William Rufus--William II. of England--was, like all his Norman
ancestors, fond of the chase. When there were no men to be killed, these
fierce old dukes and kings solaced themselves with the slaughter of
beasts. In early summer of the year 1100 the Red King was at Winchester
Castle, on the skirts of the New Forest. Thence he rode to Malwood-Keep,
a favorite hunting-lodge in the forest. Boon companions were with him,
numbers of them, one of them a French knight named Sir Walter Tyrrell,
the king's favorite. Here the days were spent in the delights of the
chase, the nights in feasting and carousing, and all went merrily.
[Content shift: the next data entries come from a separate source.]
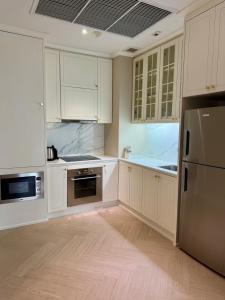 a kitchen with white cabinets and a stainless steel refrigerator at Rongratana Executive Residence Bangkok in Bangkok
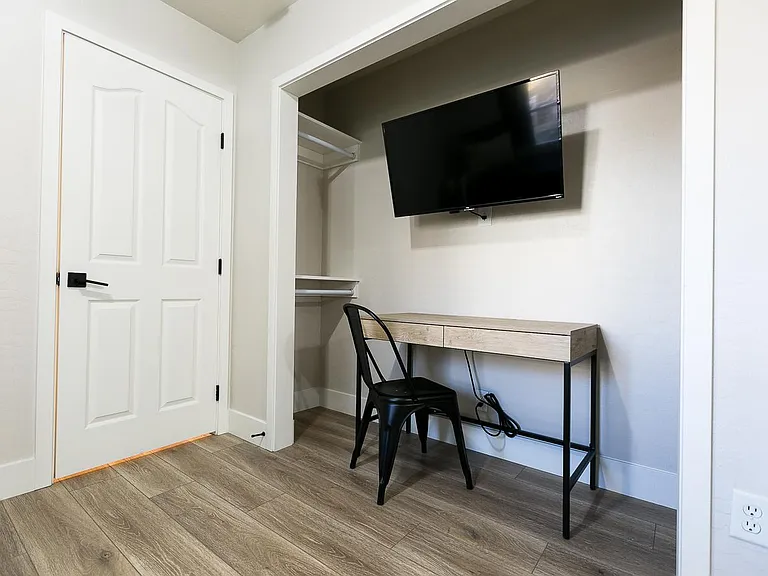 A workstation in the downstairs bedroom with an in bedroom tv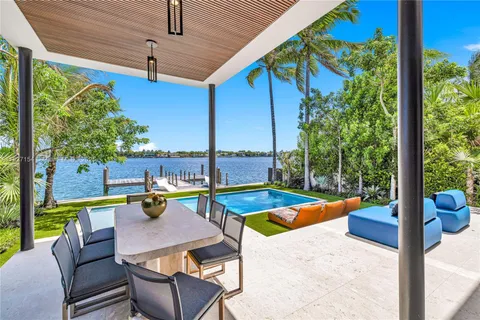 a view of a patio with swimming pool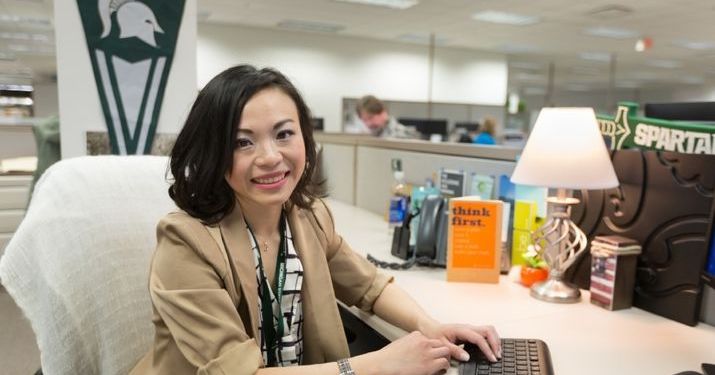 Supply chain grad Xuesi Li sits at her desk that's adorned with Michigan State University merch.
Around them spread far and wide the umbrageous lanes and alleys of the
New Forest, trees of every variety, oaks in greatest number, crowding
the soil. As yet there were no trees of mighty girth. The forest was
young. Few of its trees had more than a quarter-century of growth,
except where more ancient woodland had been included. The place was
solitary, tenanted only by the deer which had replaced man upon its
soil, and by smaller creatures of wing and fur. Barely a human foot trod
there, save when the king's hunting retinue swept through its verdant
aisles and woke its solitary depths with the cheerful notes of the
hunting-horn. The savage laws of the Conqueror kept all others but the
most daring poachers from its aisles.
Such was the stage set for the tragedy which we have to relate. The
story goes that rough jests passed at Malwood-Keep between Tyrrell and
the king, ending in anger, as jests are apt to. William boasted that he
would carry an army through France to the Alps. Tyrrell, heated with
wine, answered that he might find France a net easier to enter than to
escape from. The hearers remembered these bitter words afterwards.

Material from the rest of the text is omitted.